Please, could you print all the lines below exactly, leaving out the pictures?

┌─ GIVEN DATA

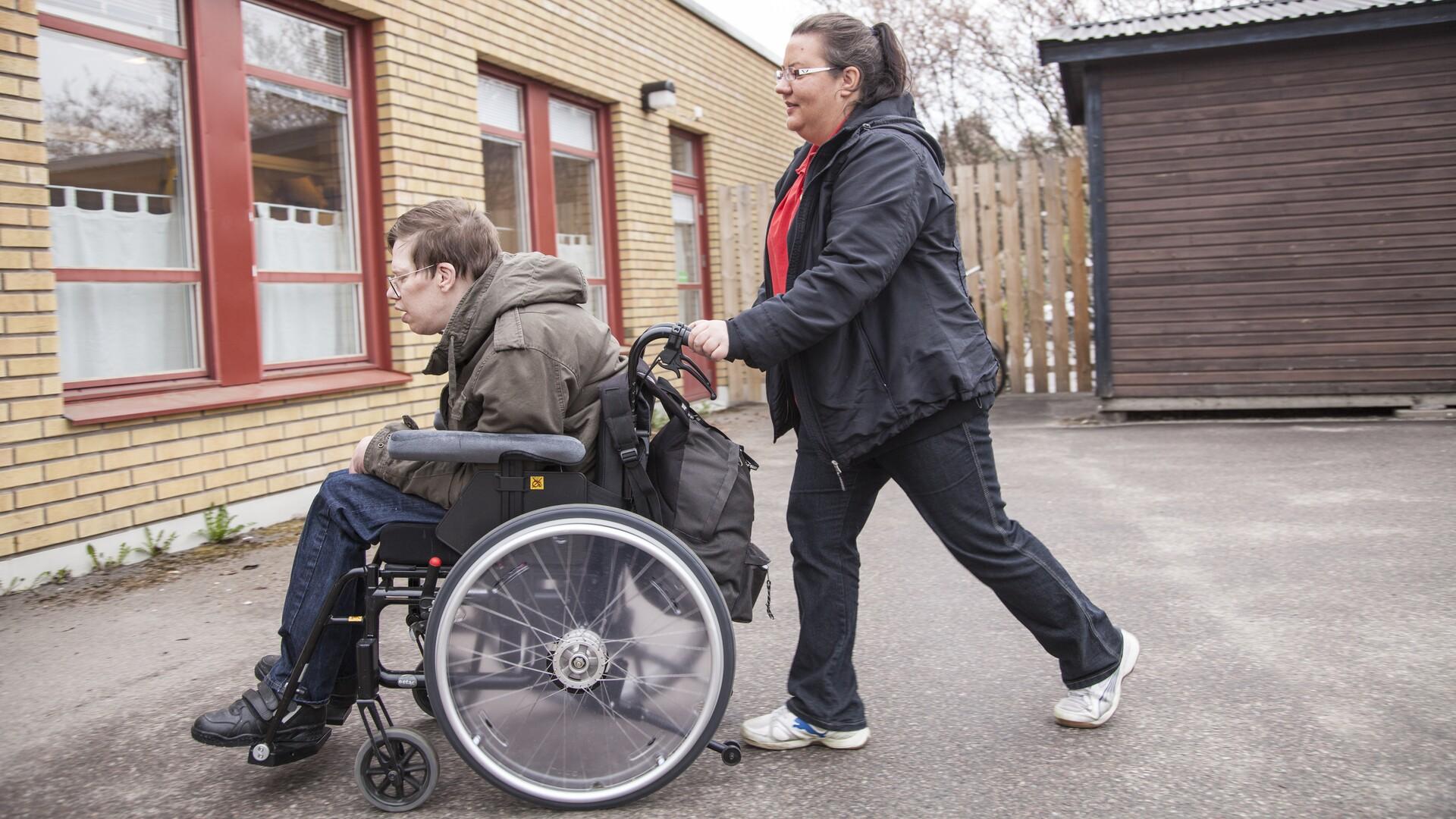Kvinna skjutsar man i rullstol utan för byggnad.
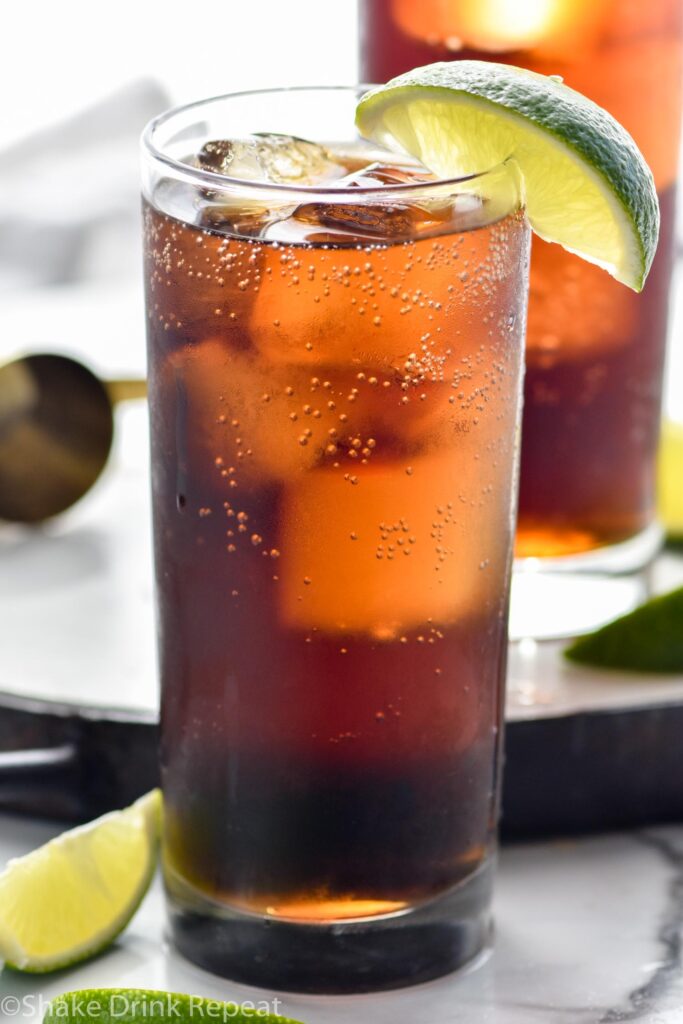 two glasses of rum and coke with ice and slice of lime garnish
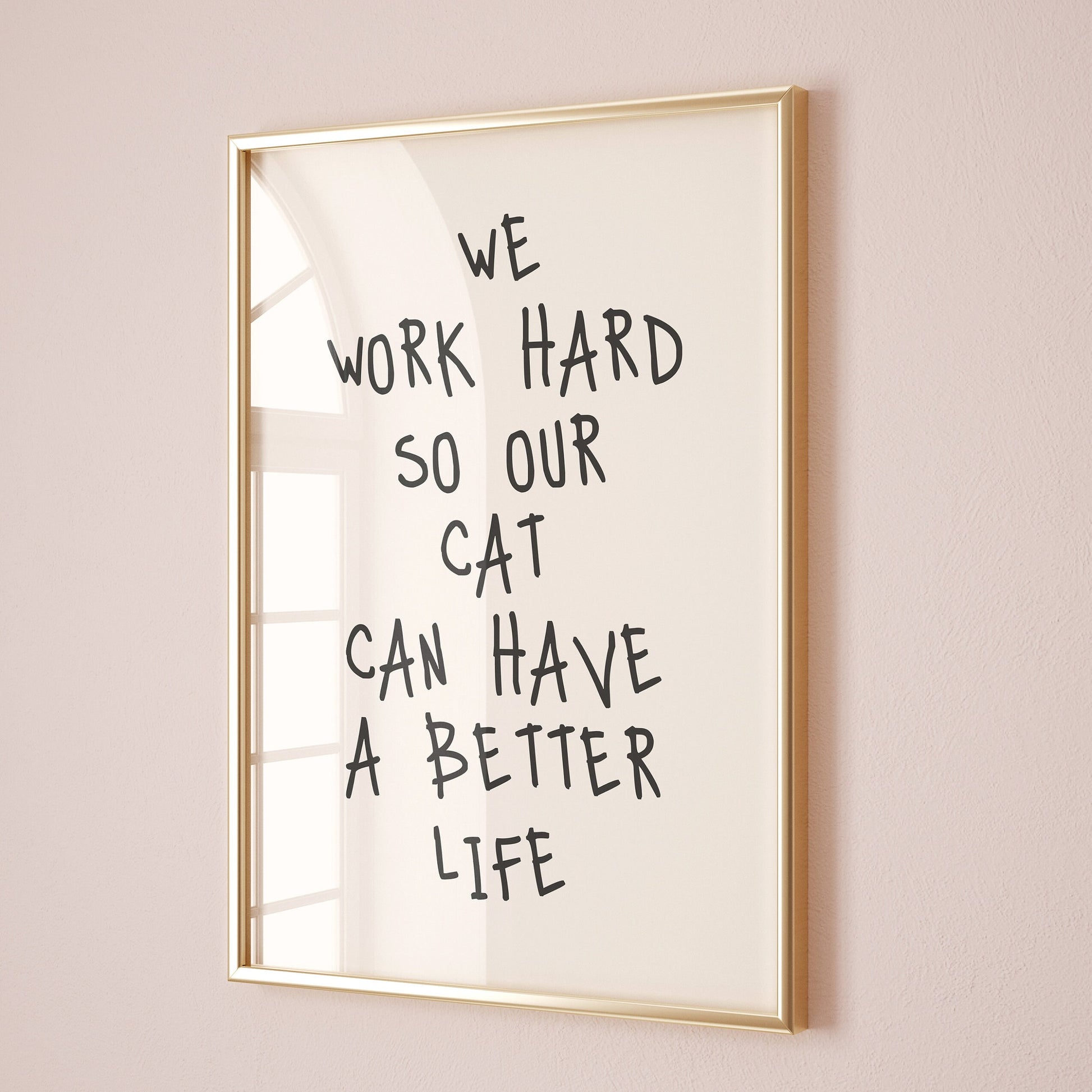 we work hard so our cat can have a better life wall print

└─

◆ EXERCISE SOLUTION ◆
Kvinna skjutsar man i rullstol utan för byggnad.
 two glasses of rum and coke with ice and slice of lime garnish
 we work hard so our cat can have a better life wall print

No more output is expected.